Martes, 1
Ayer por la tarde fui a la escuela de niñas que está al lado de la nuestra para entregarle el cuento del muchacho paduano a la maestra de Silvia, que lo quería leer. ¡Setecientas chicas hay allí! Cuando llegué, empezaban a salir, muy contentas, por las vacaciones de Todos los Santos y de los Difuntos; y vi algo inolvidable.
Frente a la puerta de la escuela, en la otra acera de la calle, estaba apoyado en la pared y la frente sobre el brazo, un deshollinador muy pequeño, que tenía la cara completamente tiznada y sostenía el saco y el raspador de su oficio. El muchacho lloraba a lágrima viva, sollozando. Se le acercaron dos o tres chicas de la segunda sección que le preguntaron:
—¿Qué te pasa? ¿Por qué lloras así?
Pero él no les respondía y continuaba llorando.

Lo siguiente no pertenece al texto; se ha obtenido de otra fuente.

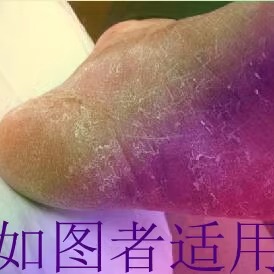 浸泡粉剂疗程装脚干裂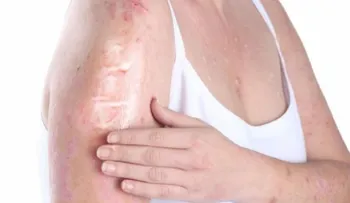 Psoriasis: El aislamiento y el estrés agravan las lesiones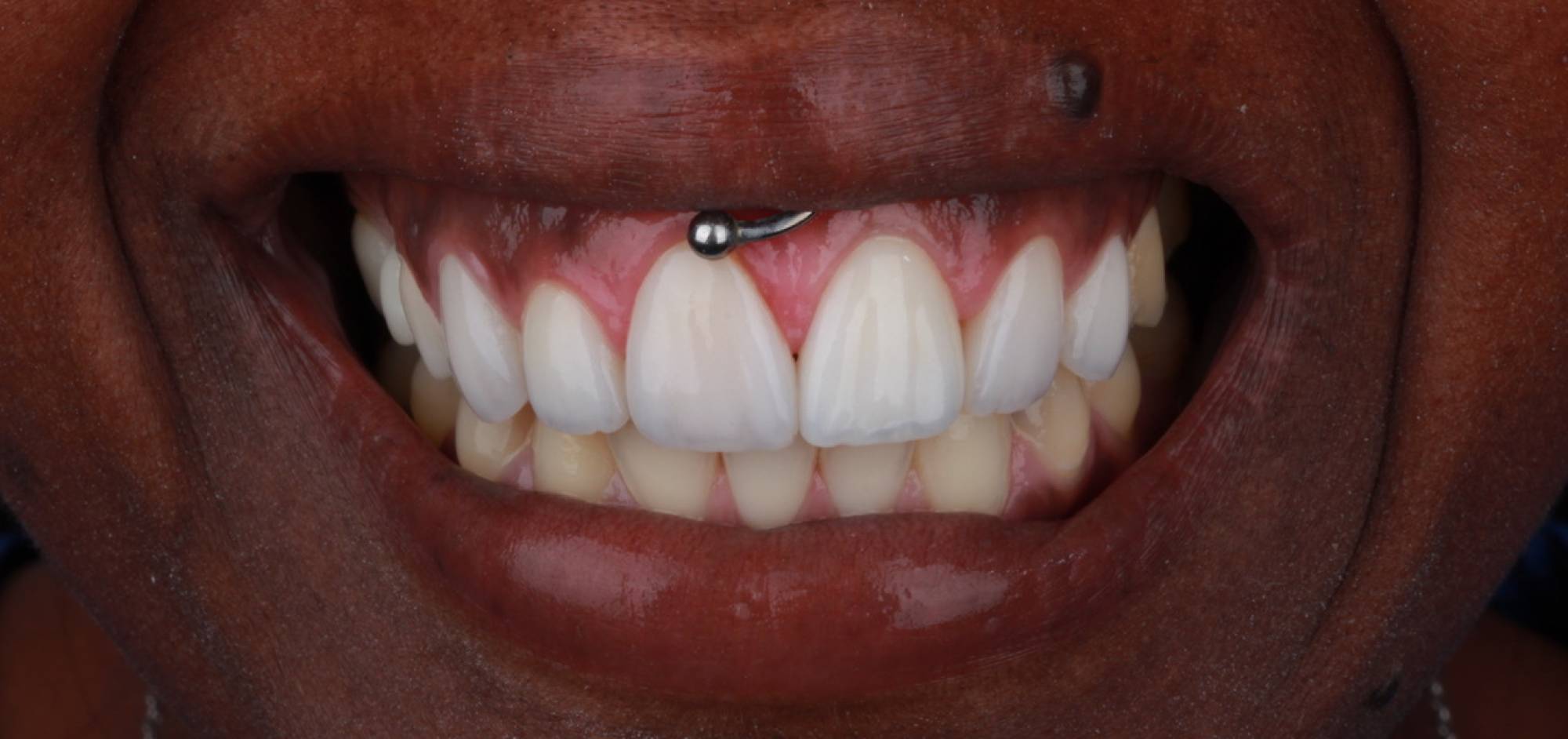 afterbefore treatment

—¿Qué tienes? ¿Por qué lloras? —le volvieron a preguntar.
Quitó entonces el brazo del rostro, dejando al descubierto una cara infantil, y, gimoteando, les dijo que había estado trabajando en varias casas limpiando chimeneas, que había ganado seis reales y los había perdido por habérsele escurrido las monedas por un roto que tenía en el bolsillo —les hizo ver el agujero sacándose el forro—, no atreviéndose a volver a su casa sin el dinero.

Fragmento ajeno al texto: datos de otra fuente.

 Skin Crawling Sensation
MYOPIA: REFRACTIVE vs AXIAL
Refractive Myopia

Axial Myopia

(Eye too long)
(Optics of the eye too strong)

—¡El amo me pegará! —dijo sollozando de nuevo y dejando caer otra vez la frente sobre el brazo con ademán de desesperación.
Las chicas le miraron muy serias. Entretanto se habían acercado otras muchachas mayores y pequeñas, pobres y acomodadas, con sus carteras bajo el brazo. Una de las mayores, que llevaba una pluma azul en el sombrero, se sacó del bolsillo dos monedas y dijo a todas:
—Yo sólo tengo estas dos monedas. ¿Por qué no hacemos una colecta?
—También tengo yo otras dos monedas —dijo otra vestida de encarnado—; entre todas podemos reunir por lo menos treinta.
Empezaron a llamarse unas a otras:
—¡Amalia! ¡Luisa! ¡Anita! ¡Una moneda! ¿Quién tiene dinerito? ¡Aquí hace falta dinero!
Algunas llevaban para comprar flores o cuadernos y lo entregaron enseguida. Otras, más pequeñas, sólo pudieron dar calderilla. La de la pluma azul se hacía cargo de todo e iba diciendo:
—¡Ocho, diez, quince!
Pero hacía falta más.
Entonces llegó una mayor, que parecía una maestrita, y entregó una moneda de plata, recibiendo palabras de alabanza. Todavía faltan cinco monedas de bronce.
—¡Ahora vienen las de cuarto! —dijo una. Llegaron, efectivamente, las de cuarto y llovieron las monedas. Todas se arremolinaban, y era hermoso ver al pobrecito deshollinador en medio de chicas vestidas con diversos colores, en todo aquel círculo de plumas, de lazos y de rizos.
Habían reunido más de lo perdido por el chico, y las más pequeñas, que no tenían dinero, se abrían paso entre las mayores ofreciendo sus ramitos de flores, por dar también algo.
Poco después llegó la portera, gritando:
—¡La señora Directora!
Las chicas se dispersaron en todas direcciones como desbandada de pájaros, quedando el pequeño deshollinador solo en medio de la calle, enjugándose los ojos, muy contento, con las manos llenas de dinero y con ramitos de flores en los ojales de la chaqueta, en los bolsillos, en el sombrero, habiendo no pocas flores incluso por el suelo, rodeando sus pies.